== RECORD EXCERPTS ==
===============

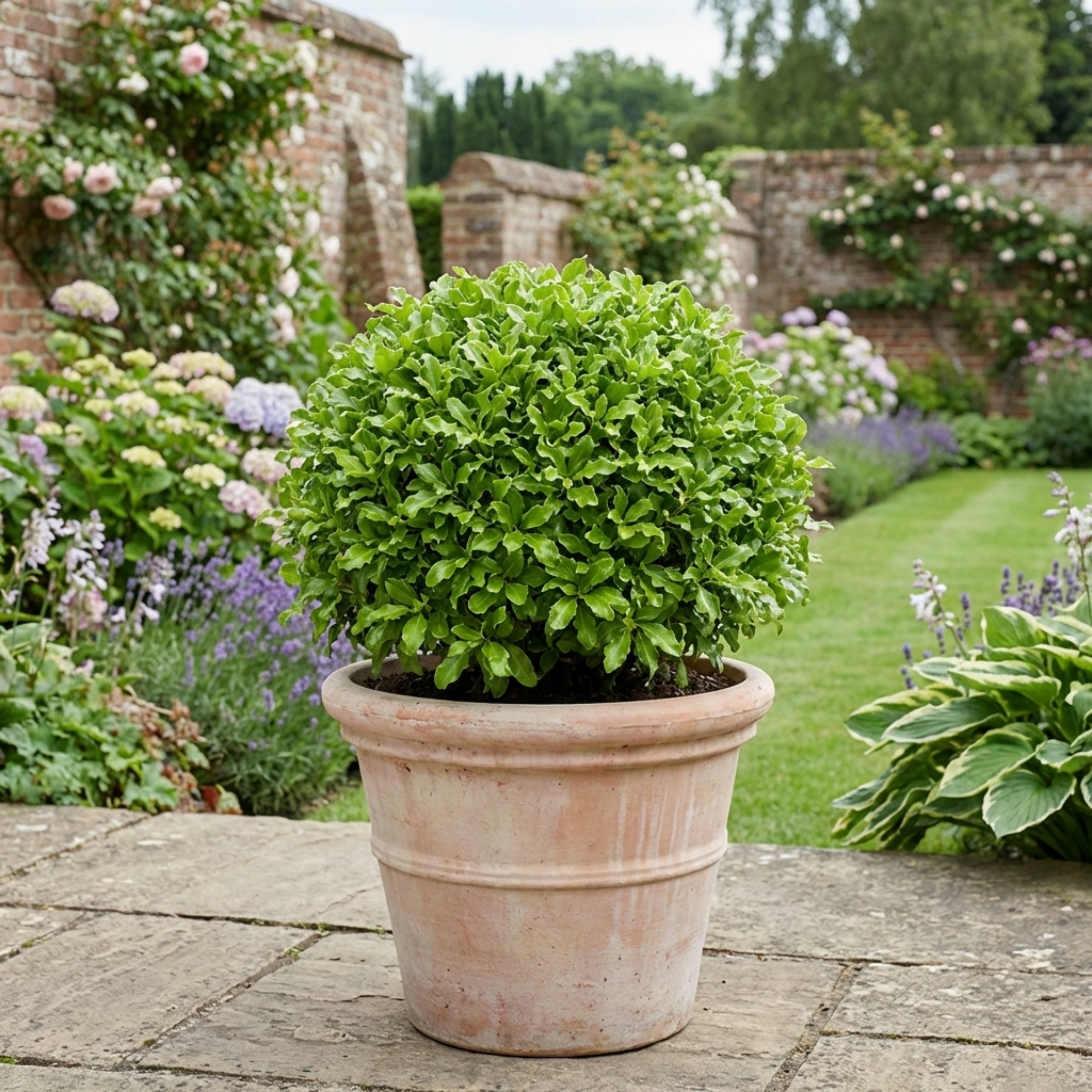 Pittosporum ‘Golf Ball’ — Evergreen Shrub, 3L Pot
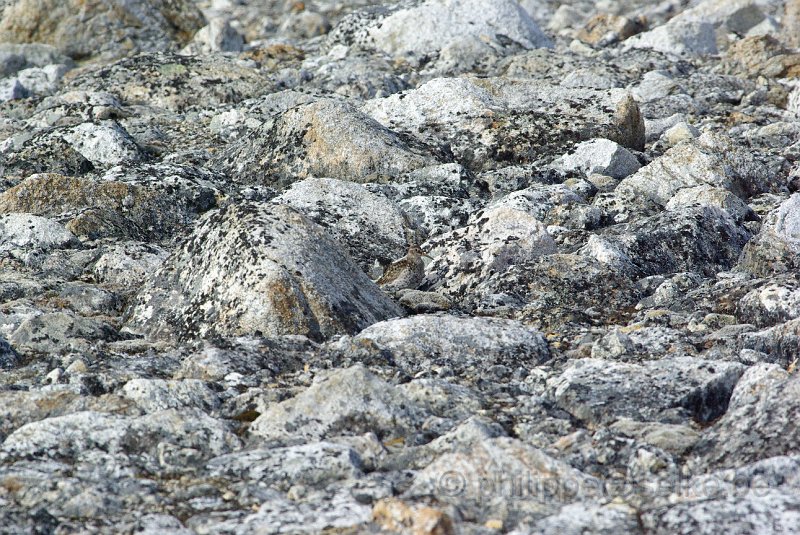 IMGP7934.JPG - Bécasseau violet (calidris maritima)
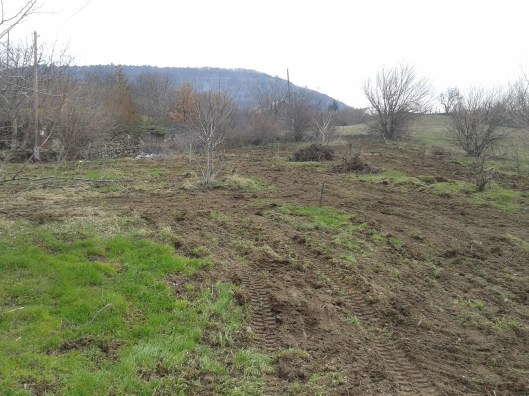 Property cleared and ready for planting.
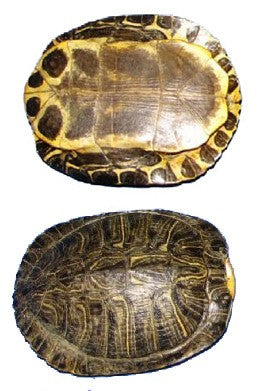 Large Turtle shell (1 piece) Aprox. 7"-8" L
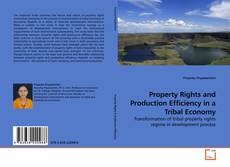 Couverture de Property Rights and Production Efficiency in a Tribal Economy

===============

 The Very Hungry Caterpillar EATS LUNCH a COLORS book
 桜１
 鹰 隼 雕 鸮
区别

===============

== ACTIVITY ==
Print the line above containing "Large Turtle shell", the line containing "Couverture de Property", and everything between them, exactly as written. Pictures stay out.

== WRITTEN SOLUTION ==
 Large Turtle shell (1 piece) Aprox. 7"-8" L
 Couverture de Property Rights and Production Efficiency in a Tribal Economy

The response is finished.